# Smoked Parmesan



## KyleWolf (Jun 3, 2019)

Hey Everyone, 

I have been smoking for a number of years, but this is my first time posting here.  I have an MES+cold smoke attachment. I've made a number of smoked cheeses before, but one I have really enjoyed is smoked parmesan.  I haven't seen it talked about much on the board.  I love using it with some smoked butter to make a smoked seafood alfredo or grate it finely and mix with smoked salt to put over popcorn.    I use cherry wood and smoke for about 4-6hrs, which is about 1-2hrs longer than I smoke most of my other cheeses. 
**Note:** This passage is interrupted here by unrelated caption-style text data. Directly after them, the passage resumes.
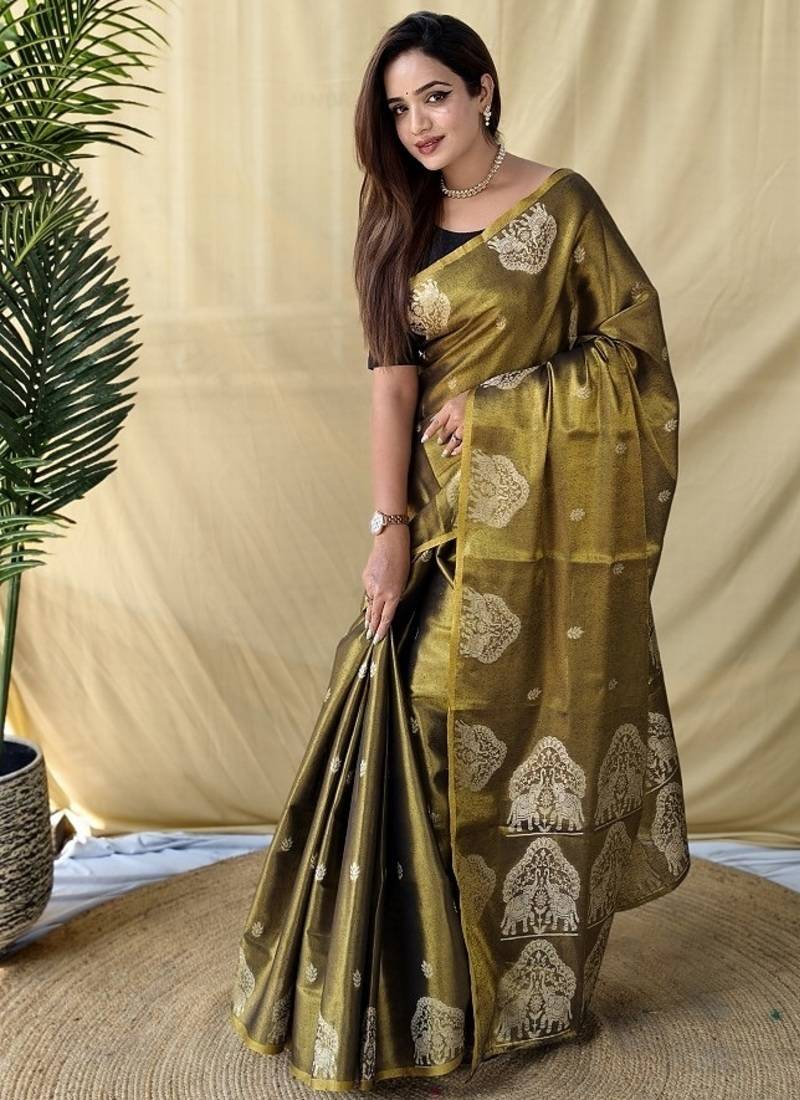 Mehndi Green Color Zari Weaving Work Silk Saree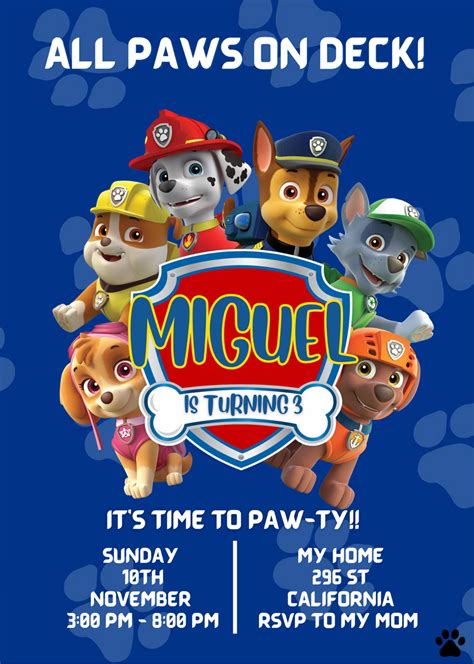 Editable Paw Patrol Birthday Invitation Editable Template Invitation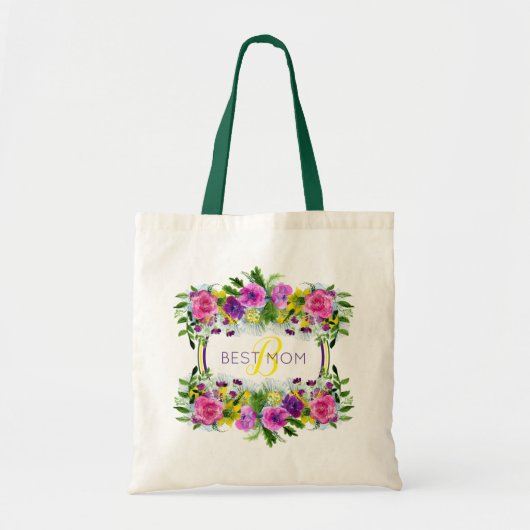 Moederdag Mothering Zondag Waterverf Monogram Tote Bag (Voorkant)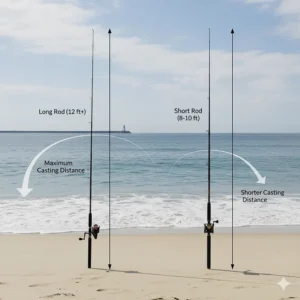 Comparison diagram illustrating the difference between a long 12-foot rod and a short 8-foot rod, highlighting casting distance for surf fishing.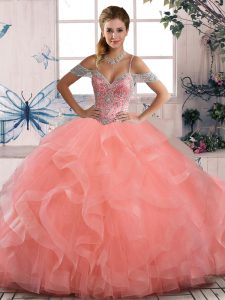 Captivating Ball Gowns 15th Birthday Dress Peach Off The Shoulder Tulle Sleeveless Floor Length Lace Up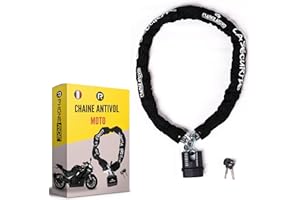 PHONE RIDE Chaine Moto - Scooter - Antivol Velo Electrique Ø10mm - Chaine Antivol Moto en Acier Cémenté Avec Cadenas Velo Antivol/Moto/Scooter - Longueur Chaine 110cm - Clé réversible
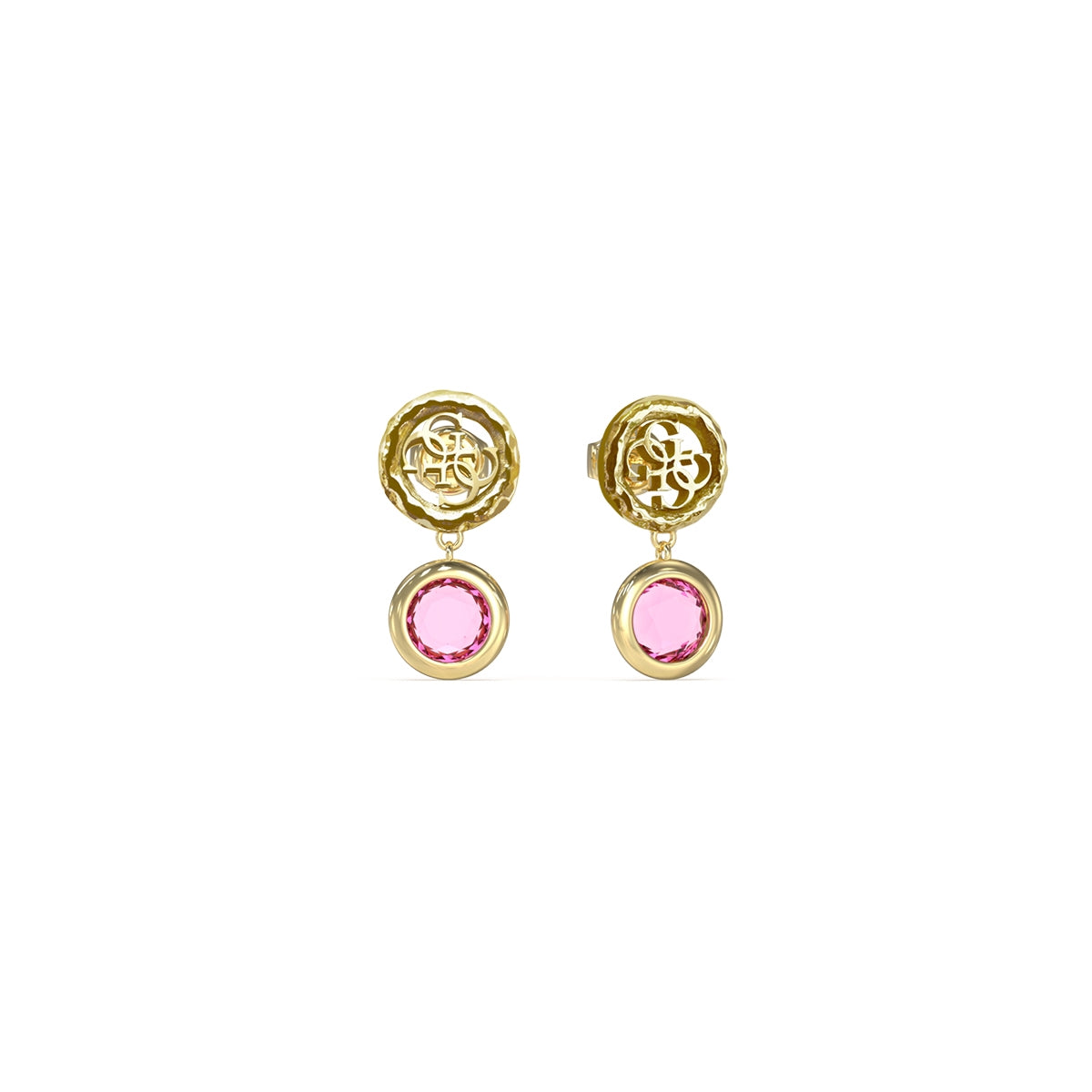Gold earrings with pink stones from GUESS JEWELS JEWELRY Mod. JUBE05098JWYGFCT-U.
I was just curious if anyone else had played with smoking parmesan or other really hard cheeses and if you ended up doing anything different to help the smoke penetrate the cheese a bit more.  Thanks!


----------



## SmokinVOLfan (Jun 3, 2019)

I've done a lot of cheese but never tried parmesan. Sounds really good though and sounds like you have it down. I bet smoked alfredo is great. I might have to give that a try once it cools off around here.


----------



## BigW. (Jun 3, 2019)

Smoked butter is an option?  I learned something new, thanks.  I have not done parm, but smaller chunks of cheese seem to take on a bit more smoke than a full size piece.


----------



## browneyesvictim (Jun 3, 2019)

Smoked parm is awesome! In fact I just had "wing night" at my house on Sunday. The star of the show was the garlic parmesan! I'm still trying to figure out how I can get the smoke parmesan flavor into an injectable format a-la Scarbelly style.


----------



## link (Jun 3, 2019)

I have never tried Parm but have done butter many times. Great on popcorn.


----------



## bbqbrett (Jun 3, 2019)

Haven't tried either the parm or the butter but want to attempt both at some point.


----------



## 6GRILLZNTN (Jun 3, 2019)

I smoked some Parmesan this past winter and it was awesome.  I used apple dust with an A-maz-n tray in my WSM for about 4 hours.


----------



## Carvendive (Oct 14, 2019)

I just finished my first ever batch of cheese so I'M NOT AN EXPERT! That said, all my hard cheeses, (baby brick, cheddar, Munster and Gouda took the smoke well at 4 hrs. I also did blue and Velveeta. Both needed 6+ hrs. The blue I attribute it to the overwhelmed flavor of the blue. The Velveeta, ... Maybe because it's a blended, processed cheese, or maybe because it's soft and moist. I ended up cutting the 2# block into 8 butter sized sticks. The smoke worked magic at that size.


----------



## Steve H (Oct 15, 2019)

I've done parm and Asiago cheese. With Hickory for 4 hours. Both are very good.


----------



## smokebuzz (Oct 30, 2019)

Have smoked a lot of cheese over the years, done some parm for my youngest dot, WOW, missed that 1 . Have plans to smoke plenty more of it this cold season.


----------



## phathead69 (Oct 30, 2019)

Parm is awsome smoked. Actually I haven't found any of the normal cheeses that don't improve with smoke -chedders, mozzarella, american etc.. Dbl smoked gouda is the bomb.


----------



## Carvendive (Oct 30, 2019)

Ha, Ha, my smoked cheese is GONE!!! My wife Devoured the Velveeta. I loved the harder cheese. I'm going to do another batch soon. This time more parm, Asiago and Velveeta.


----------